What do three buildings, two architects and one of the most famous brands world wide have in common?
The Robie House (1910 Frank Lloyd Wright), Falling Water (1939 Frank Lloyd Wright), and the Farnsworth House (1951 Mies van der Rohe) have all been further imortalised in Lego models. This kind of thing totally thrills the geek inside of me, and one day I may even purchase them all and build them. Yup - I am a geek! Three of the most beautiful buildings of the century, and now in tiny little bricks you can put together yourself in some attempt to feel like you were a part of something awesome!
The first house is the Robie House by Frank Lloyd Wright. Completed in 1910 it is like many house by Wright in that it encompassed not only the house design but also many of its soft furnishings and architectural details for the interior (check out the magazine rack below). It is Wrights most renowned example of his Prairie Style - the first truely American architectural style.
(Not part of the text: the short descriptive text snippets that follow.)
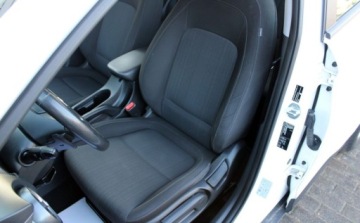 Hyundai Kona I Crossover Facelifting 1.6 T-GDI 198KM 2021 Hyundai Kona 1.6 T-GDI 198KM Comfort Serwis ASO Salon PL FV marza kamera, zdjęcie 10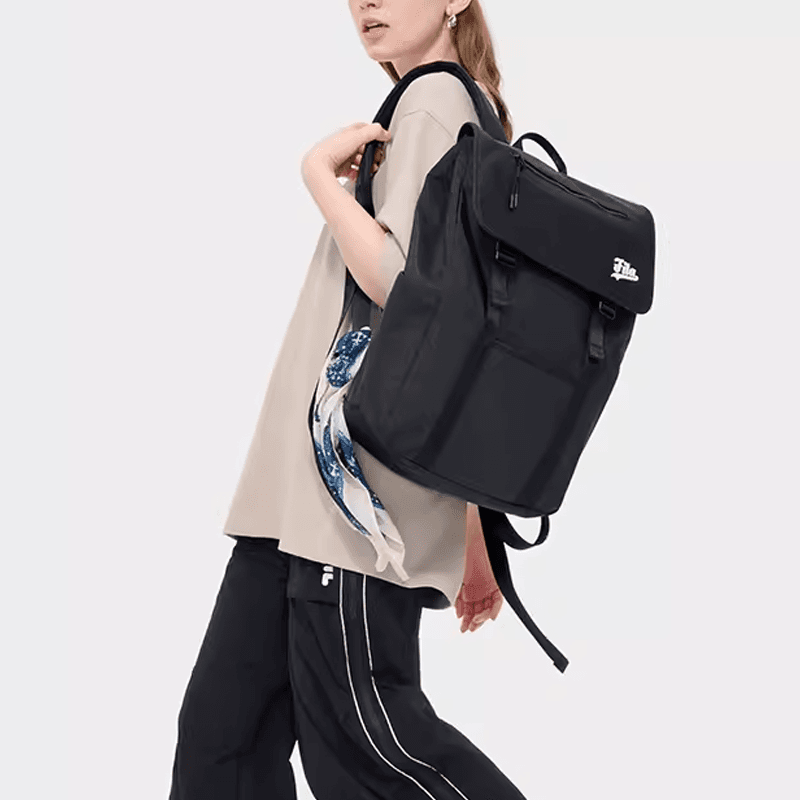 Рюкзак FILA FUSION Logo - изображение 6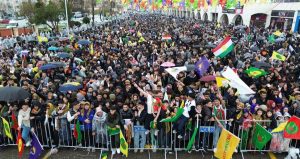 Şanlı bayrağımız nerede!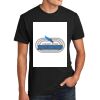 Apparel ® Unisex CVC Tee Thumbnail
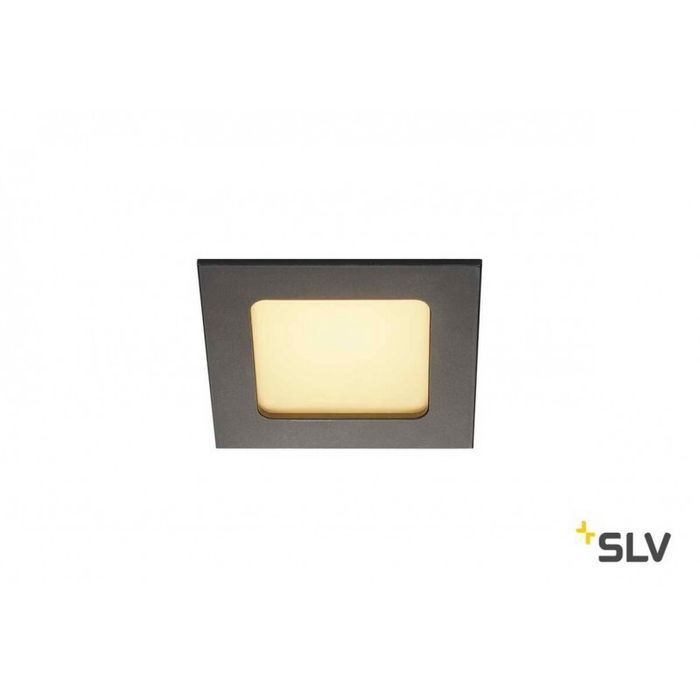 Встраиваемый светильник SLV 112720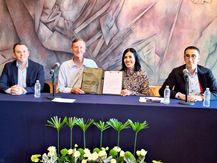 Impulsa ST capacitación especializada con nuevo Centro de Capacitación en San Juan del Río.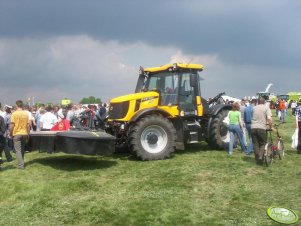 JCB FASTRAC 3230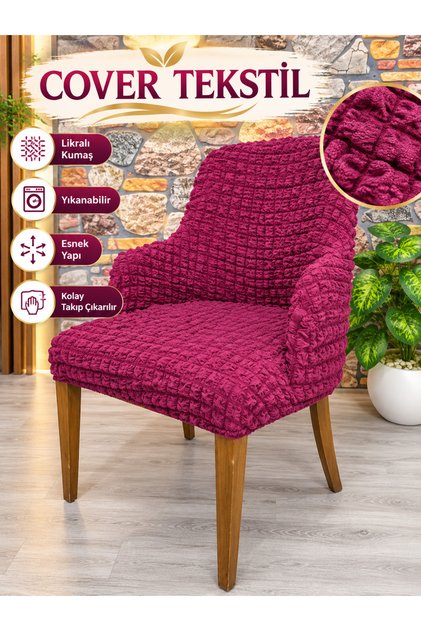 New Model Large Arm Chair Cover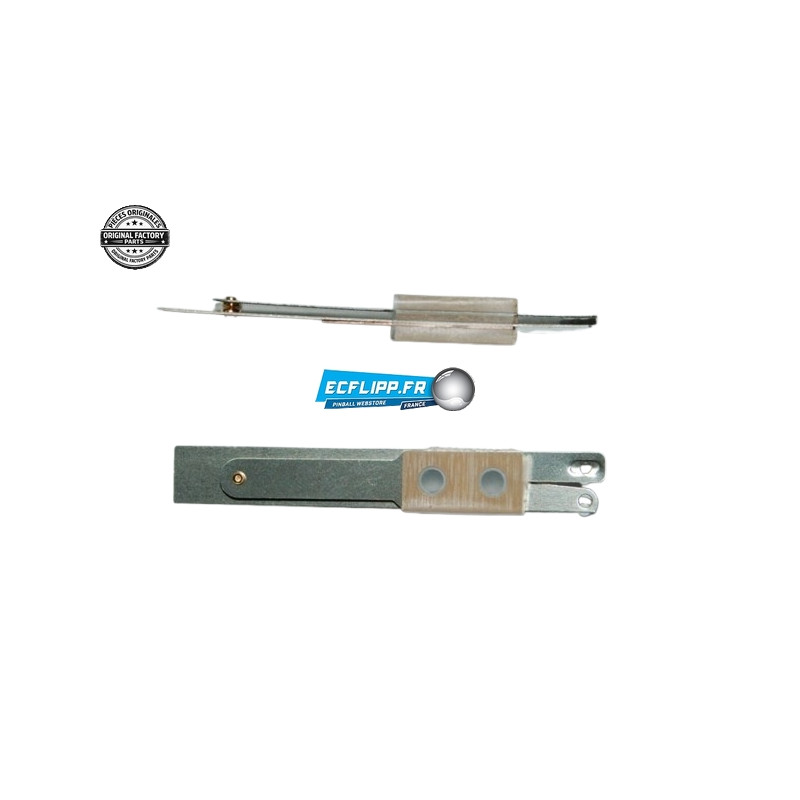 EOS Sega / Data East 180-5149-00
In 1926, after several owners had fallen upon hard times, the house and its contents were sold to the Chicago Theological Seminary. In a strange twist of fate, a student of Mies van der Rohe over heard that plans to demolish Robie house were going ahead and a storm of protest began. Clearly it was saved, and luckily so because it remains one of the leading examples of American design even today.
Falling Water. Another Frank Lloyd Wright, falling Water was completed in 1938 and graced the cover of Time a year later. Built over a 30 degree waterfall the house captured the imagination of a nation. It is now a national treasure. It appears to ease out of the landscape like the rock platforms it resides upon. The changing seasons are echoed in the choice of material and the vertical pillars of stacked stone. And I just love Wrights architectural drawings. Bliss. Oh the talent! Considering the difficulty of the house I am pleased with the Lego result - aren't you?
Farnsworth House. My favourite of the three. Farnsworth, like Falling Water echoes the seasons but is much more subtle in its design. Its platforms sit above the grassy plane, simple horizontal lines complimented by the two sets of steps and then simple vertical colums, enhanced and yet disguised by the vertical lines of the forest around it. I love the simple sketches and the snow picture in particular. If I was to buy any of the lego sets it would be this one.
Historian Maritz vandenburg offered the following on Farnsworth:
“Every physical element has been distilled to its irreducible essence. The interior is unprecedentedly transparent to the surrounding site, and also unprecedentedly uncluttered in itself. All of the paraphernalia of traditional living –rooms, walls, doors, interior trim, loose furniture, pictures on walls, even personal possessions – have been virtually abolished in a puritanical vision of simplified, transcendental existence. Mies had finally achieved a goal towards which he had been feeling his way for three decades."